Ancient town, capital of the Hittite Empire. Its population is estimated to have been 50,000 at its most.
Hattusha was an imperial capital from about 1680 until 1193 BCE, less than 500 years. Strong state formations of the Hittites lasted until 710, but now Carchemish had replaced Hattusha as the strong city of the region.
Its modern location is in north-central Turkey, close to the modern village of Bogazkale, which has between 2,000 and 3,000 inhabitants. 35 km southeast is Yozgat while Ankara is about 170 km west.
The location of Hattusha is curious, while all major capitals throughout history were at the most central location possible, Hattusha was in all ways remote. But, the actual remoteness may have been its most important quality. Any advancing army would waste their strength long before arriving here. The city itself was built on a natural fortress, on a mountain slope, between two deeply cut riverbeds.
The city location benefitted from plentiful of water, a surrounding region of rich agriculture, good condition for livestock raising and forests. From the agriculture all basic foods was provided, linen could be harvested but wool from sheep was the most important source for clothing.

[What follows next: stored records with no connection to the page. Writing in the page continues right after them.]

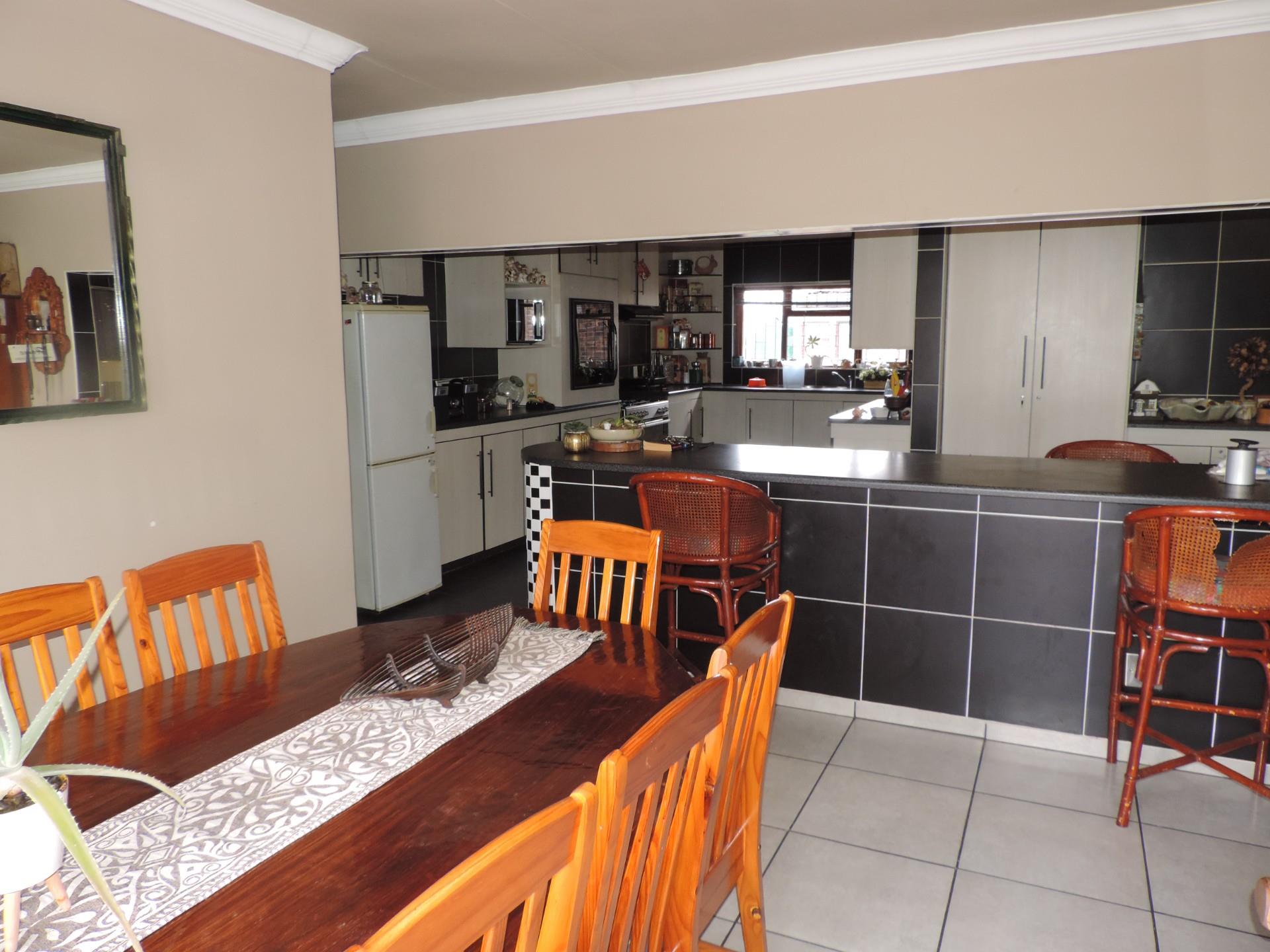 4 Bedroom Property for Sale in Parkersdorp Western Cape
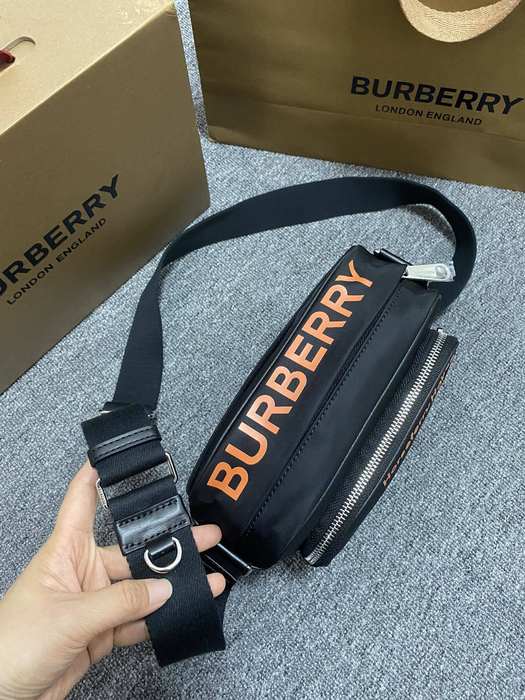 Burberry Tote Bag Black 01A 6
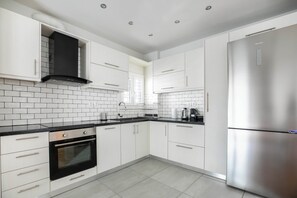 Apartment, 1 Double Bed, Kitchen, City View | Private kitchen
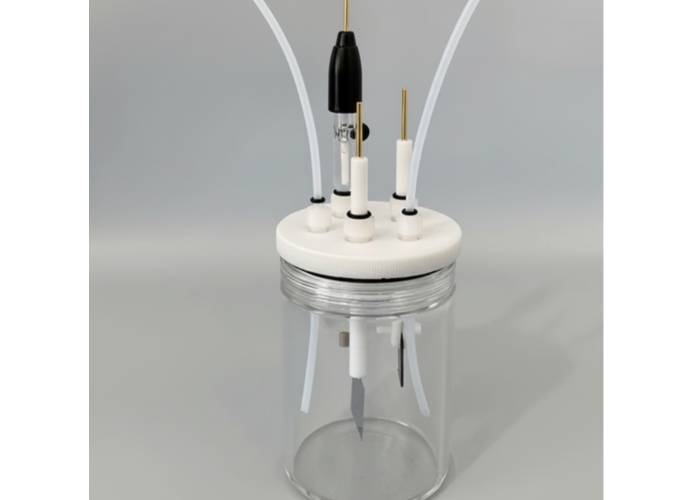 Sealed Electrochemical Cell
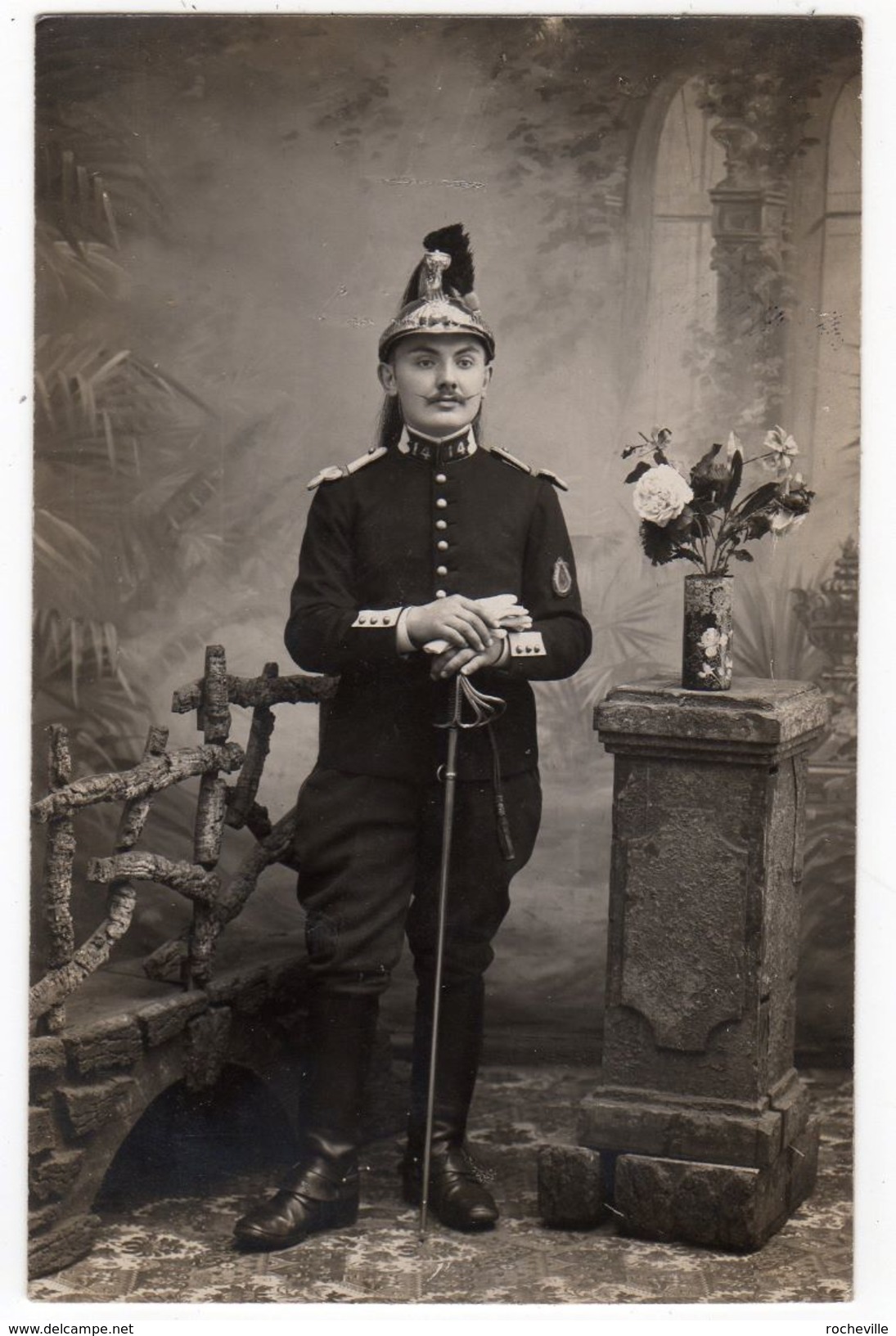 -Photo Militaire En Pied,  Régiment De Cuirassiers ( ?) Col 14, Casque, Sabre, Insigne Manche - Anonymous Persons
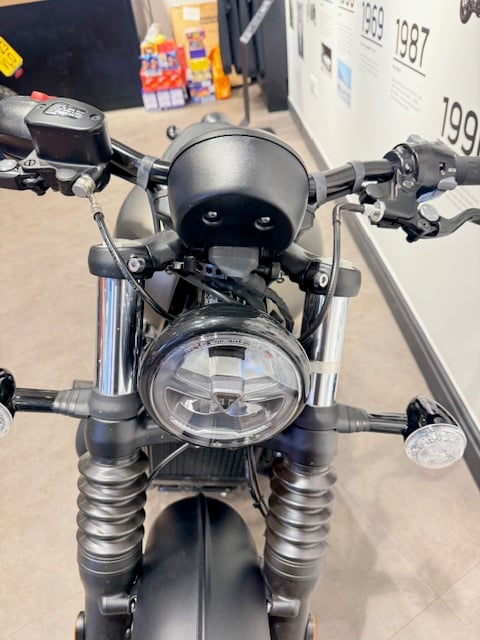 Triumph BONNEVILLE BOBBER BLACK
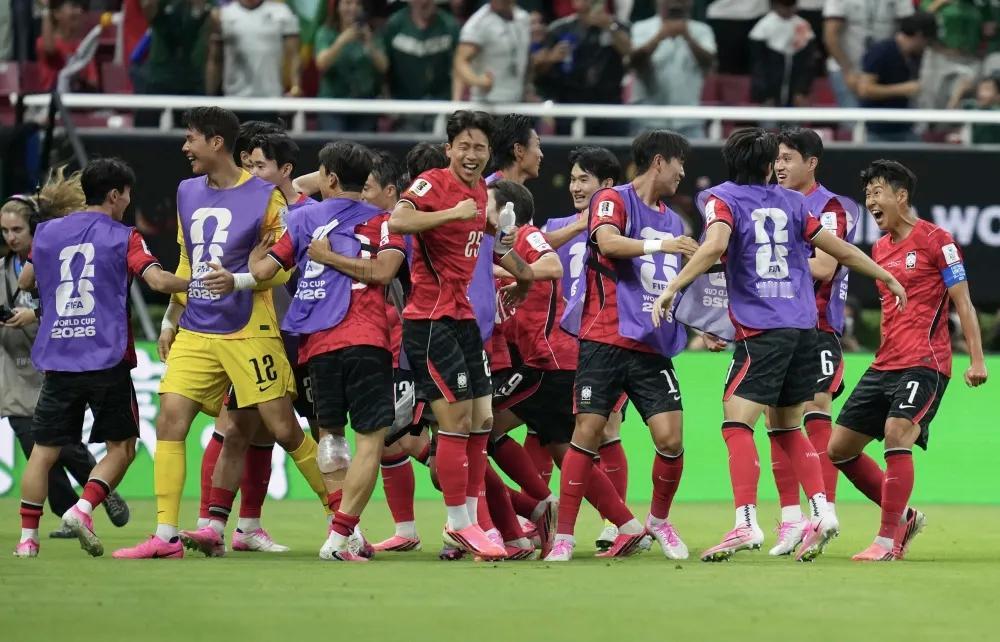 亚洲荣光！
韩国2：1逆转捷克。
何时轮到中国队？
董路 怎么办？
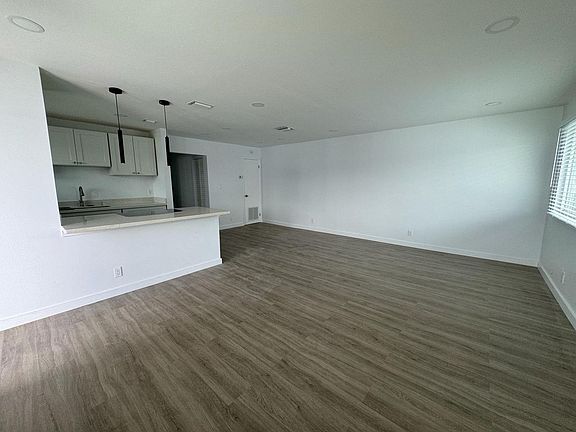 4th image of 106 E Tiffany Dr APT 4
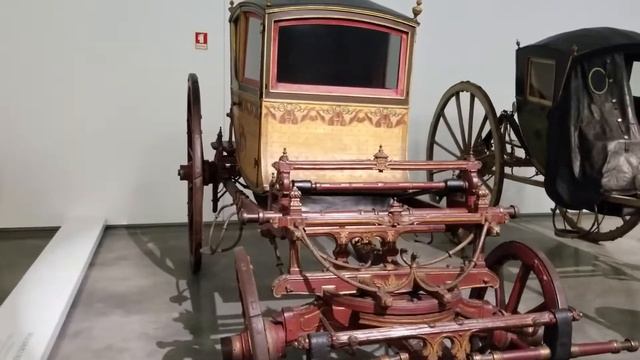 Музей карет...Lisbon.... смотреть онлайн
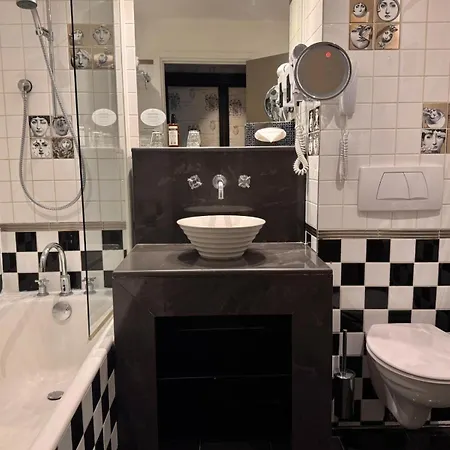 Hotel Lutèce Port Royal Parigi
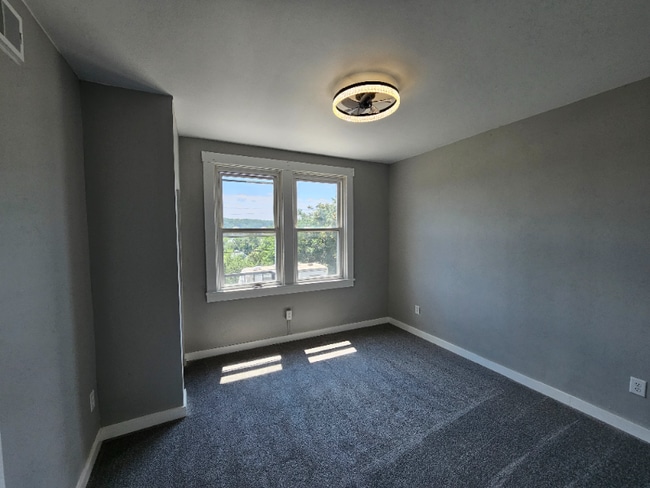 Building Photo - 1257 8th Ave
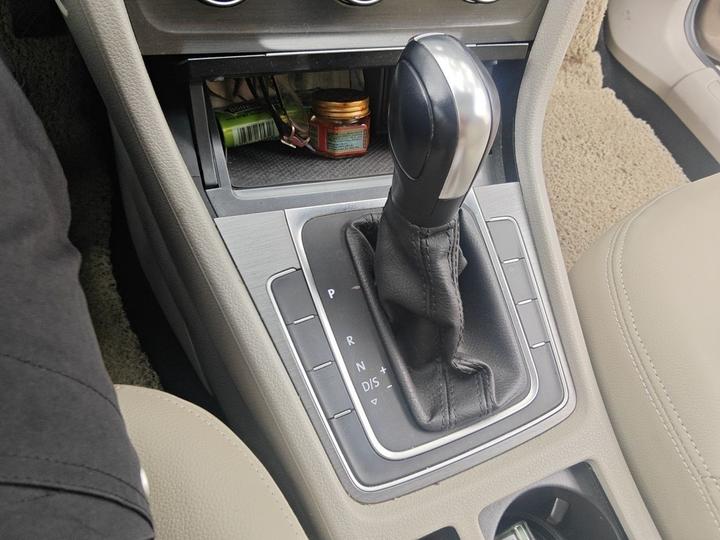 Golf 2015 1.6L AT Comfort photo 6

The forests provided necessary timber both for housing and the construction of many forms of military equipment.
Hattusha was protected by city walls following the natural fortress of the mountain. The city was about 2 km from north to south, and 1.2 km east to west. Hattusha had two circles of city walls, the inner section was made up by a citadel, administrative buildings and temples.
The Great Temple is presently the largest structure. It dates back to the 14th century BCE, and was dedicated to the storm god, Teshuba, and sun goddess, Hebut. The temple proper is built according to universal principles, with sections of increasing sanctity and with an open courtyard. Around it were built 78 storage rooms after an irregular plan (see Hittite religion).
The main city and the residential quarters rest together south of the fortified inner city. Two stone lions and two sphinxes protect each their city gate, a third gate is noted for a relief figure of the god Teshuba, still it is called King's Gate.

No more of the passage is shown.